PecanProject / pecan

The Predictive Ecosystem Analyzer (PEcAn) is an integrated ecological bioinformatics toolbox.
www.pecanproject.org
Other
200 stars 231 forks source link

PEcAn issue with reading ED2 output #478

Closed Viskari closed 8 years ago

Viskari commented 9 years ago

When running pecan with the current git version of ED2, I get the following error message:

model2netcdf.ED2('/data/tviskari/pecan/out/ENS-00001', 45.92, -90.45, '2004/01/01', '2004/12/31') [1] "2003<2004" [1] "----- Processing year: 2004" 2015-05-11 16:01:36 WARN [getHdf5Data] : Could not find AVG_BDEAD in ed hdf5 output. 2015-05-11 16:01:36 WARN [getHdf5Data] : Could not find AVG_PLANT_RESP in ed hdf5 output. 2015-05-11 16:01:36 WARN [getHdf5Data] : Could not find AVG_CO2CAN in ed hdf5 output. 2015-05-11 16:01:36 WARN [getHdf5Data] : Could not find AVG_GPP in ed hdf5 output. 2015-05-11 16:01:36 WARN [getHdf5Data] : Could not find AVG_HTROPH_RESP in ed hdf5 output. 2015-05-11 16:01:36 WARN [getHdf5Data] : Could not find AVG_GPP in ed hdf5 output. 2015-05-11 16:01:36 WARN [getHdf5Data] : Could not find AVG_PLANT_RESP in ed hdf5 output. 2015-05-11 16:01:36 WARN [getHdf5Data] : Could not find AVG_HTROPH_RESP in ed hdf5 output. 2015-05-11 16:01:36 WARN [getHdf5Data] : Could not find AVG_GPP in ed hdf5 output. 2015-05-11 16:01:36 WARN [getHdf5Data] : Could not find AVG_PLANT_RESP in ed hdf5 output. 2015-05-11 16:01:36 WARN [getHdf5Data] : Could not find AVG_HTROPH_RESP in ed hdf5 output. 2015-05-11 16:01:36 WARN [getHdf5Data] : Could not find AVG_PLANT_RESP in ed hdf5 output. 2015-05-11 16:01:36 WARN [getHdf5Data] : Could not find AVG_FSC in ed hdf5 output. 2015-05-11 16:01:36 WARN [getHdf5Data] : Could not find AVG_STSC in ed hdf5 output. 2015-05-11 16:01:36 WARN [getHdf5Data] : Could not find AVG_SSC in ed hdf5 output. 2015-05-11 16:01:36 WARN [getHdf5Data] : Could not find AVG_SOIL_TEMP in ed hdf5 output. Error in array(0, ncol(soiltemp)) : 'dims' cannot be of length 0 Calls: model2netcdf.ED2 -> array Execution halted

Looking at the ED2 ed_statevars.f90 in an older version and the new version, there are a lot of variables relating to those missing in the new version, with most of the AVG* files are missing, especially the NACP comparison variables.

I can start working on this, but first I need confirmation whetever or not try to have those added back to ED2 or to alter pecan?

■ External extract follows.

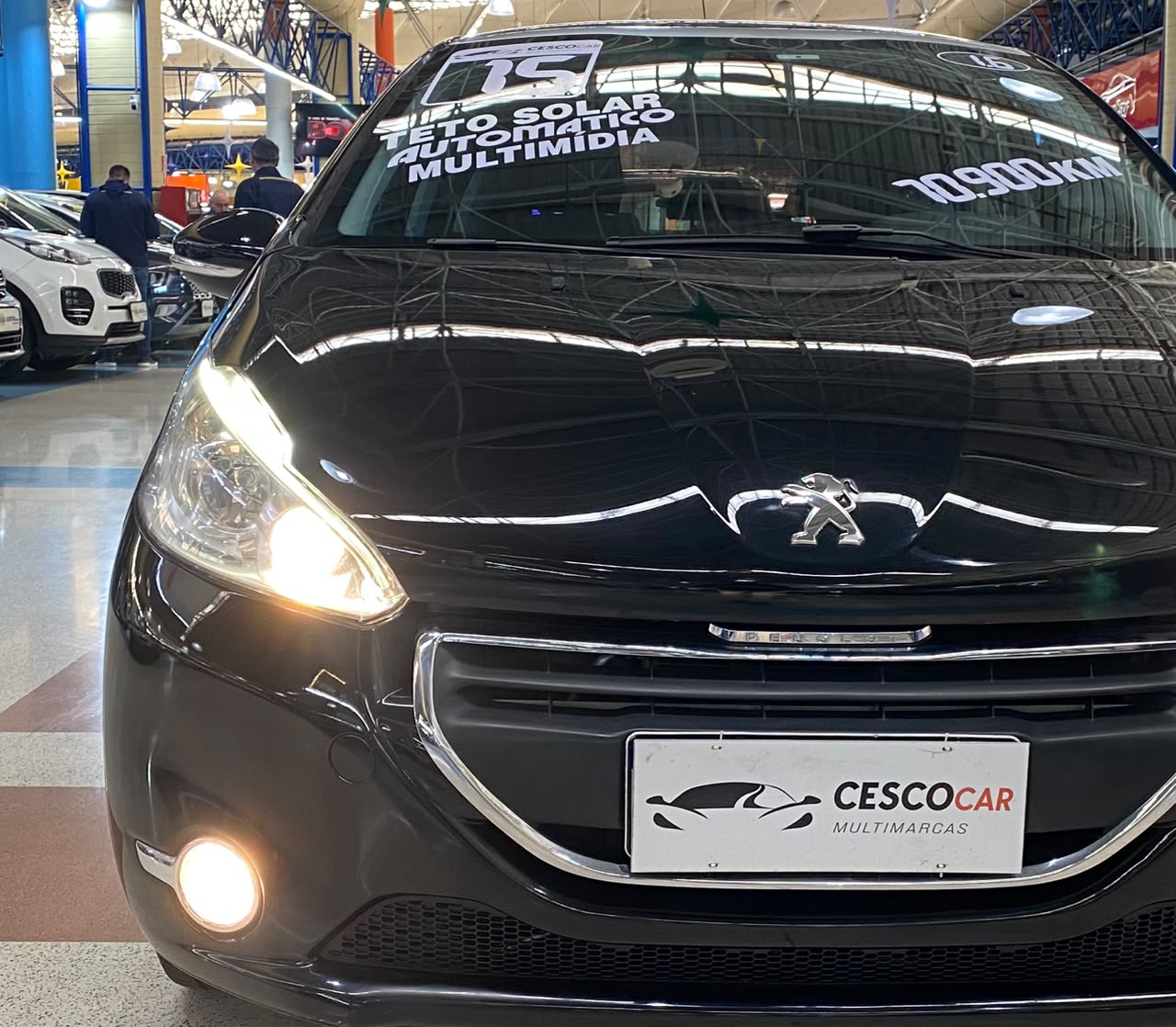 PEUGEOT 208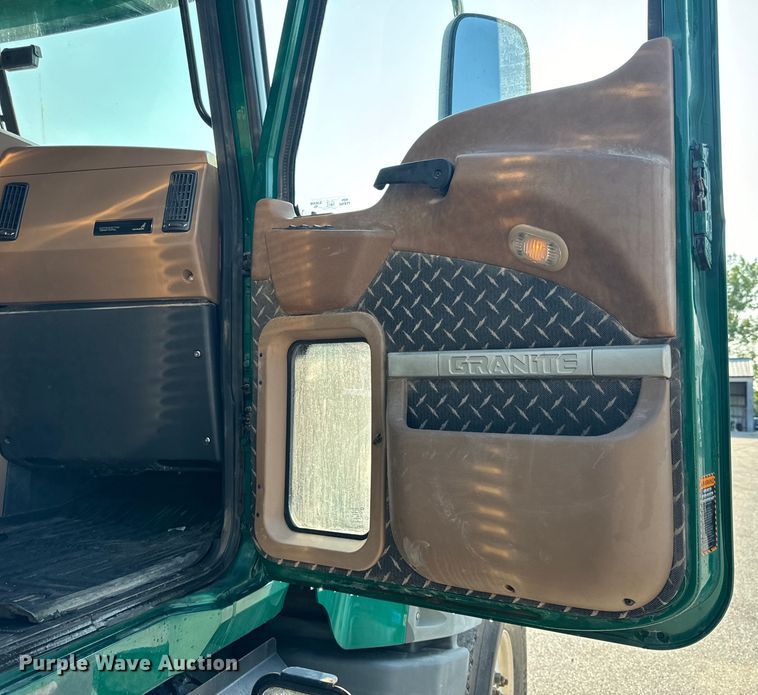 image for item OF9880 2018 Mack GU713 dump truck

dlebauer commented 9 years ago

@mdietze is this something that should be fixed in PEcAn or a feature in ED2 that should be re-implemented, or other?

mdietze commented 9 years ago

It appears that the variable names have shifted from AVG* to FMEAN*_PY (e.g. FMEAN_GPP_PY). @Viskari do these variables exist in the -T- outputs? If so we should be able to update the pecan ED module to check for which version of the variable names exist and then read either (we don't want to loose the backward compatibility).

Viskari commented 9 years ago

The variables don't come up when I list the output in the -T-outputs, although when checking the ED2 variables list, it should be written to file somewhere. I am still checking this out.

Viskari commented 9 years ago

FMEAN_*_PY variables are written out in the -I- outputs instead of the -T- outputs. How do you wish to proceed with this?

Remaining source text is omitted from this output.